Several participants wondered out loud whether African governments, institutions and entrepreneurs are investing enough resources in fintech to compete, guide and eventually own this growth? About 30 pc of the world’s 1.7 billion unbanked population are found in Africa. But in Burkina Faso, Chad, Côte d’Ivoire, Gabon, Kenya, Mali, Senegal, Tanzania, Uganda and Zimbabwe there are more mobile money accounts than bank accounts.

The two-day festival hosted by the Financial Technology Service Providers Association of Uganda (FITSPA), Financial Sector Deepening Uganda (FSDU) with support from UKaid and several financial institutions and government agencies such as the Uganda Communications Commission.

Under the theme, ‘The Role of Fintechs in Africa’s Digital Economy’, presentations were mostly upbeat, but major concerns centred on infrastructure, inadequate start-up capital, lack of skills, cyber-security, data protection and appropriate regulation. Internet penetration and use via smart phone or computer also remains relatively low when taken as a whole.

Ali  Hussein Kassim, founder and CEO FinTexx said many fintech firms make their money in Africa, but the returns , “The conversation that needs to start is for our own local investors. They need to know what it takes to get a startup up and running. In Kenya, many see real estate as the safe bet. A lot of education is required and the onus is on us in the fintech industry to convince them to invest in the industry to see it grow.”
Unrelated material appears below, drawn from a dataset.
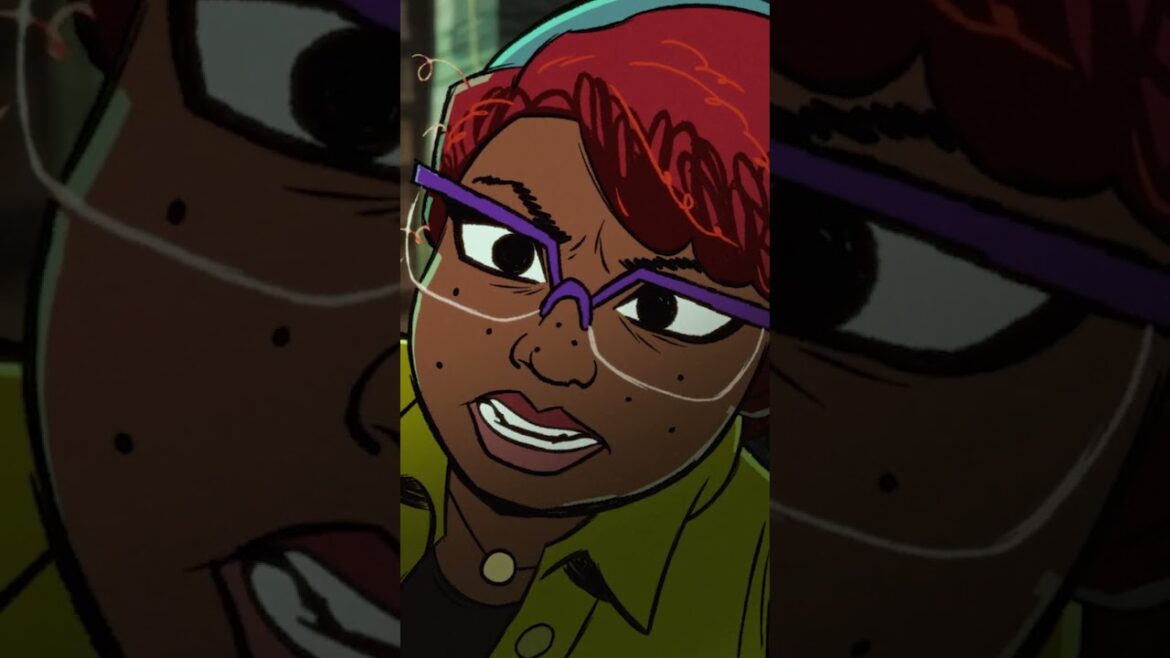 معارك أبريل من Tales of the TMNT! | #shorts معارك أبريل من Tales of the TMNT! | #shorts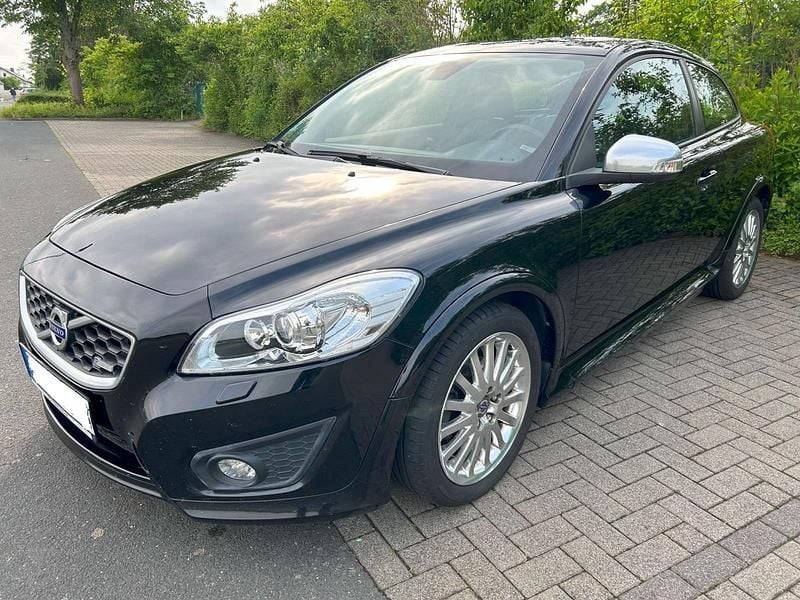 Schwarz Gebraucht 2012 Volvo C30 R-Design Kleinwagen | 6.250 € (Fairer Preis) - Bild 1/4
An exception is Cellulant, a leading African fintech brand, was jointly founded by a Kenyan entrepreneur Ken Njoroge and his Nigerian partner, Bolaji Akinboro. Last year, the company raised nearly $50 million in new capital.

Hennie Bestler of Insight2Impact took another stance. “Unless we develop broadbased digital skills, we cannot catapult into that space where we want to be. Many of the apps we buy from abroad were developed to serve different customers and demographics. This maybe an iconoclastic idea but all primary school children should be taught coding.”

Coding involves writing many lines of code to create a software program. Bestler then touched on the bureaucratic immensity facing Africa’s fintechs.

A basic goal of the African Fintech Network is to provide wider market access across Africa in a seamless manner for fintechs and tech-enabled innovative products.

This will prove difficult unless all 54 African governments agree on a common regulatory policy that is delivers an even playing field.

Joseph Lutwama is acting Director of Programs at FSDU. Although speaking in the national context, his view could also apply for the whole continent. “It is better to have one regulator to reduce the costs of doing business for fintechs.”

Earlier, the Uganda ICT ministry permanent secretary, Vincent Bagiire said the government had taken fintech interests into account when drafting the National Payments Policy (2017). “When it comes to recognizing fintechs, I can assure there is reciprocity from  the government.”

Prof. Ekekwe wants a future in which Africans can access their money in any country across the continent and at anytime of day or night. However according to Alex Sea, co-founder Chair of the Africa FinTech Forum (West Africa), the Francophone region is handicapped by governments not providing a proactive environment to operate.

Participants held plenty of parallel sessions during which a range of topics were discussed, all geared towards charting the best way forward for a seamless African fintech network to work. Governments were often seen as obstacles rather than enablers and the slow pace by policy makers to draft fair regulations was seen as the main problem.  But it Bestler who threw out the over-riding challenge in his plenary presentation: “We should ask themselves whether we want to be a digital colony or digital power?”